* Instructions for the task *
Copy the lines below word for word, skipping any image.

* Supplied data *

⁂

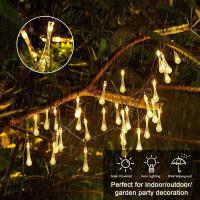 Luces De Cadena Solar De Gotas De Agua Impermeables Para Decoración Al Aire Libre Navidad Boda Fiesta Jardín Luz De Hada Multicolor Blanco Cálido - details 1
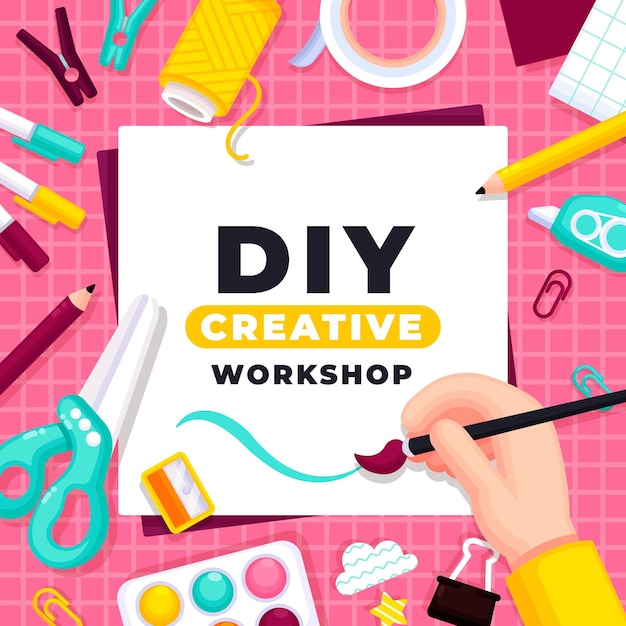 Free vector diy creative workshop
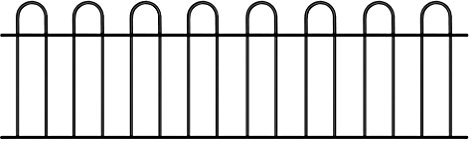 Court Hoop Top Metal Railing Panel 1830mm Gap x 490mm High galvanised Wrought Iron Style Fencing CRZP03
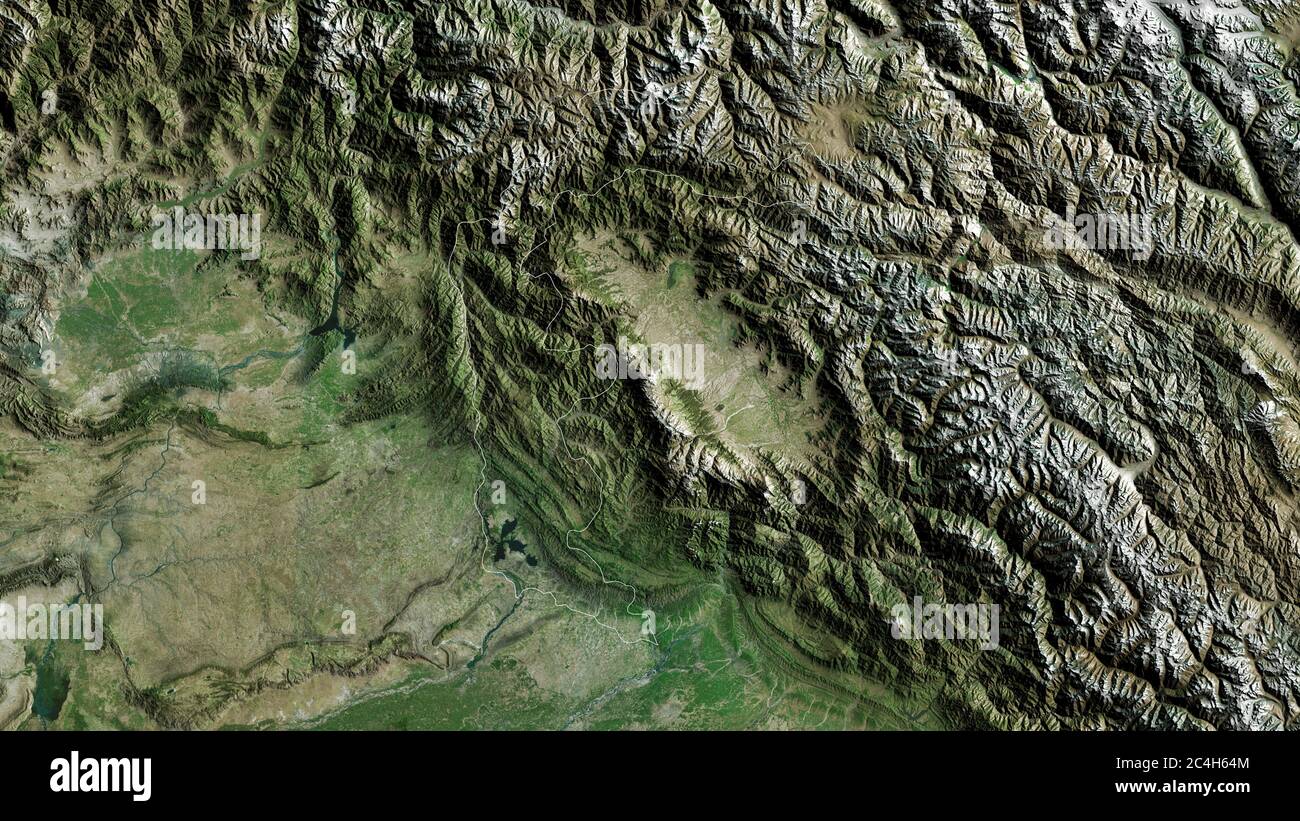 Azad Kaschmir, zentral verwaltete Gebiet von Pakistan. Satellitenbilder. Form, die gegenüber dem Landesgebiet umrissen ist. 3D-Rendering Stockfoto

⁂

* Response *
 Luces De Cadena Solar De Gotas De Agua Impermeables Para Decoración Al Aire Libre Navidad Boda Fiesta Jardín Luz De Hada Multicolor Blanco Cálido - details 1
 Free vector diy creative workshop
 Court Hoop Top Metal Railing Panel 1830mm Gap x 490mm High galvanised Wrought Iron Style Fencing CRZP03
 Azad Kaschmir, zentral verwaltete Gebiet von Pakistan. Satellitenbilder. Form, die gegenüber dem Landesgebiet umrissen ist. 3D-Rendering Stockfoto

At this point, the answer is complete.